Britons, we must act now. The campaign to Bring Back Elevenses starts here.
One tacky production
It was a question key to Newton's Principia Mathematica: is an object's speed through fluid affected by the fluid's viscosity? And while scientists have now proved Newton wrong (he believed it would be harder to, say, swim through syrup than water), one brave bunch of actors are about to find out live on stage.
Opening next month at the Yard Theatre in east London, Stink Foot is an adaptation of Sophocles's Philoctetes in which the cast will be covered in and standing in treacle. The play's writer/director Jeff James took time out from rehearsals to discuss his cast's sticky progress.
"The play is about how we have to make moral compromises to survive and how sometimes that means life gets messy. One character starts off morally pure, by the end he is a war criminal and is covered in treacle. There is a received idea of how a Greek tragedy should be, but this production is serious, moving and also, I hope, funny."

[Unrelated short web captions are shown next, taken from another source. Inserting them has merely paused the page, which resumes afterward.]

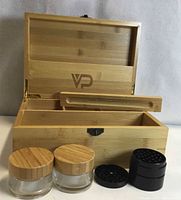 Open bamboo box showing interior tray, two glass jars with bamboo lids, black grinder parts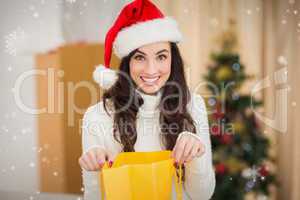 Composite image of festive brunette opening gift bag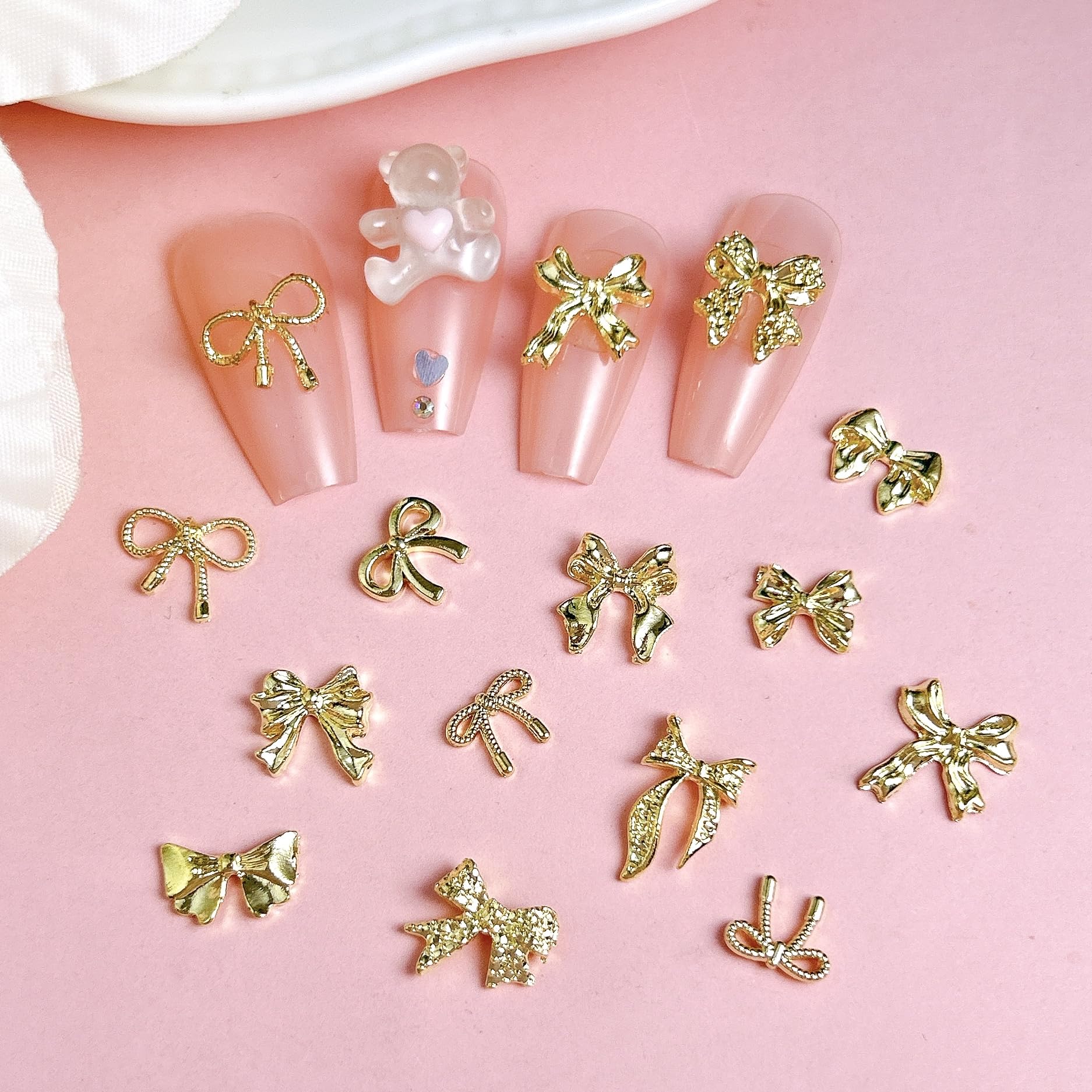 Assorted gold bow charms for acrylic nail extensions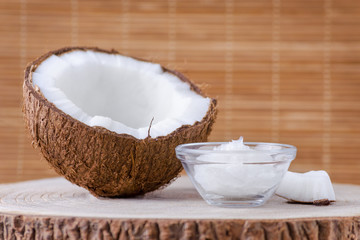 organic coconut oil in a glass bowl and coconut on natural brown background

All of which sounds strangely wonderful, but where does all that treacle come from and who has to clear it up? "Tate & Lyle have been extremely generous and given us 250kg of molasses," said James. "And as for the cleaning, that will most likely be me and the long-suffering stage manager."
War of words
This week, the lexicographers behind the beautiful new Collins English Dictionary will announce their "Word of the Year". Let's hope they fare better than last year: from a list that included "fracker", "Bitcoin" and "twerking", they chose "geek", only to be trumped a few weeks later when rivals at Oxford Dictionaries nailed it with "selfie".

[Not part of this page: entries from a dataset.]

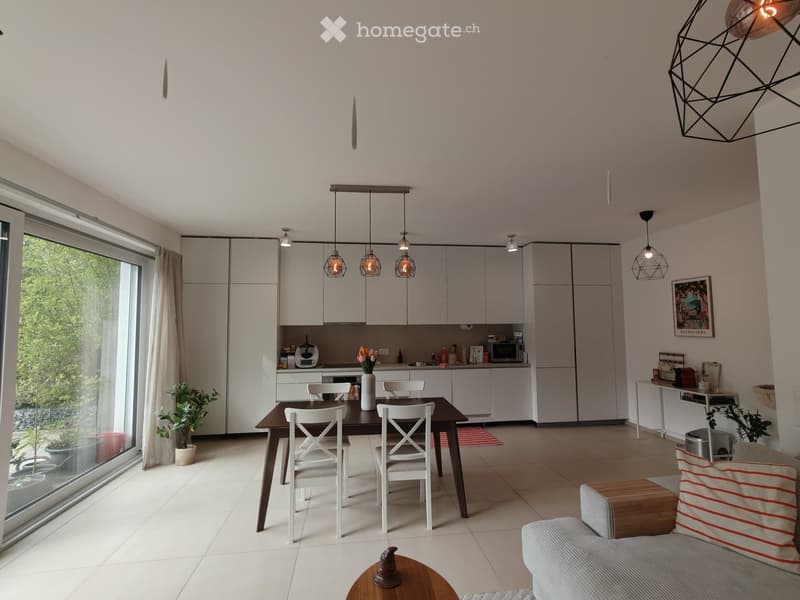 Modern open-plan living and dining area with white cabinets, pendant lights, a sofa, coffee table, dining table with chairs, and a kitchen area with appliances.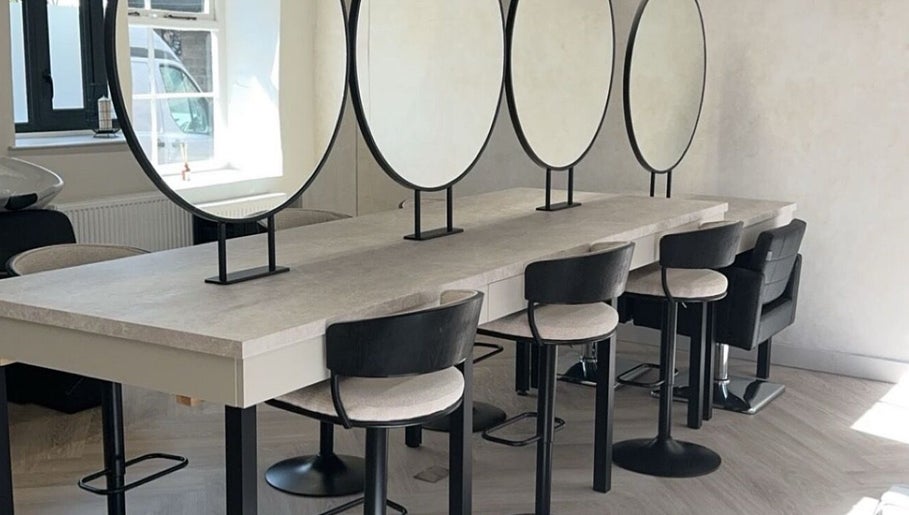 Modern salon interior with styling chairs and mirrors at Glam by Laura, Sheffield, England, GB.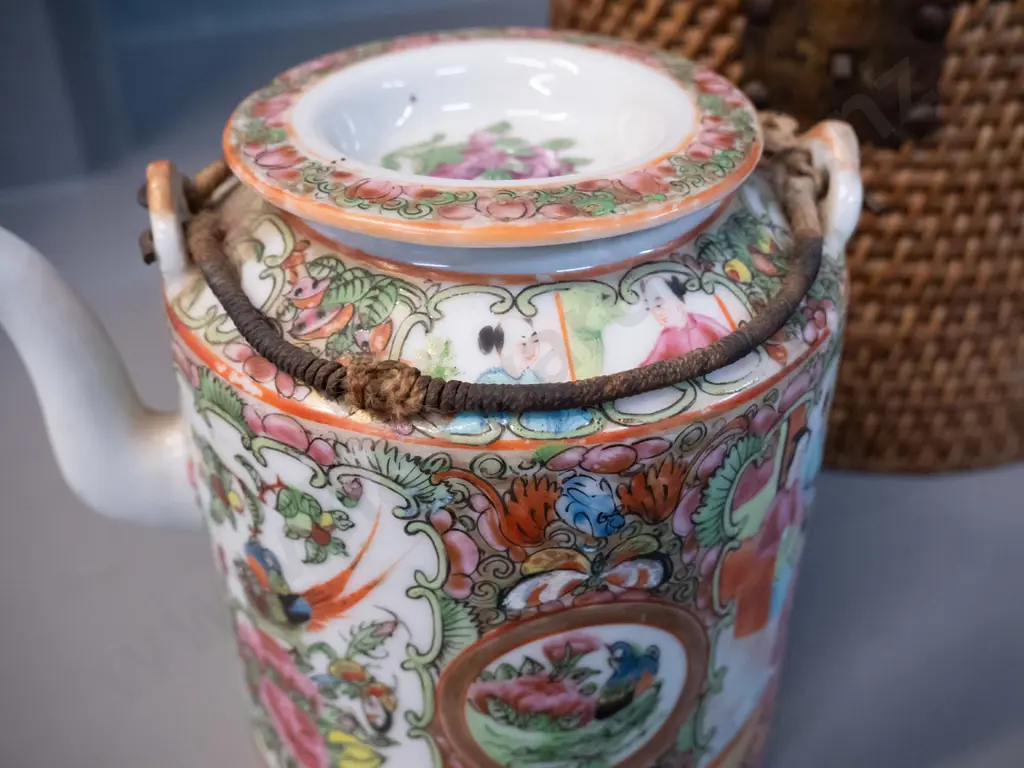 Chinese porcelain teapot with wire and woven cane handles, in an insulated fine cane carry basket w/ metal handles - Image 1++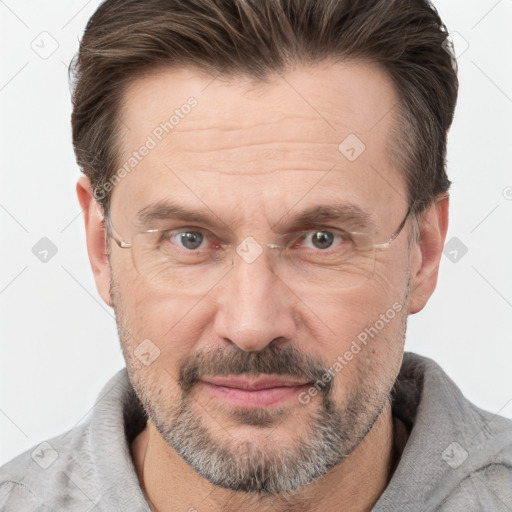 Joyful white adult male with short  brown hair and grey eyes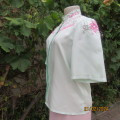 Amazing mint green silk blouse with short sleeves . Hidden button down.Luxe embroidery.By BONITA 35.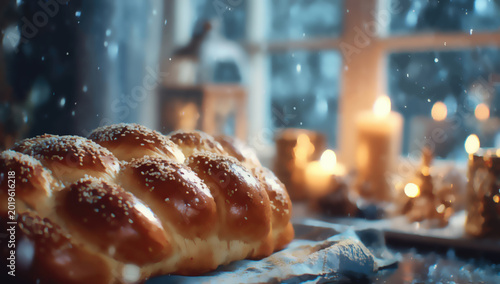 A braided, golden loaf sits by a window with snowy, candlelit, festive ambiance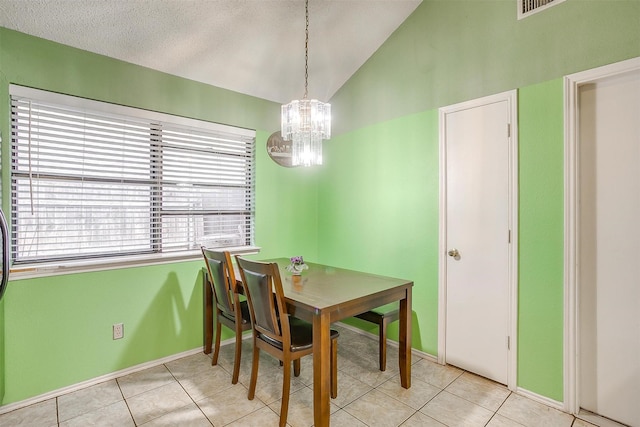 10125 Leatherwood Dr, Fort Worth, TX 76108 - dining area with light tile patterned floors, baseboards, a chandelier, and lofted ceiling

New words that have made it in to the new Collins edition include "adorkable", "meme", "photobomb" and "vape", though naturally no one is leaking which of these, if any, is a Word of the Year contender.
I have to say I'm a little worried for them. Was there really no space in the new edition for "emoji", "loom bands", left, and (shudders) "selfie stick"?
No rhyme or reason
Another in a regular series of limericks based on recent events:
Now the Waterstones One has been freed,
To the tourist from Texas take heed,
If you're trapped in a store,
For two hours or more,
Make sure it's got something to read.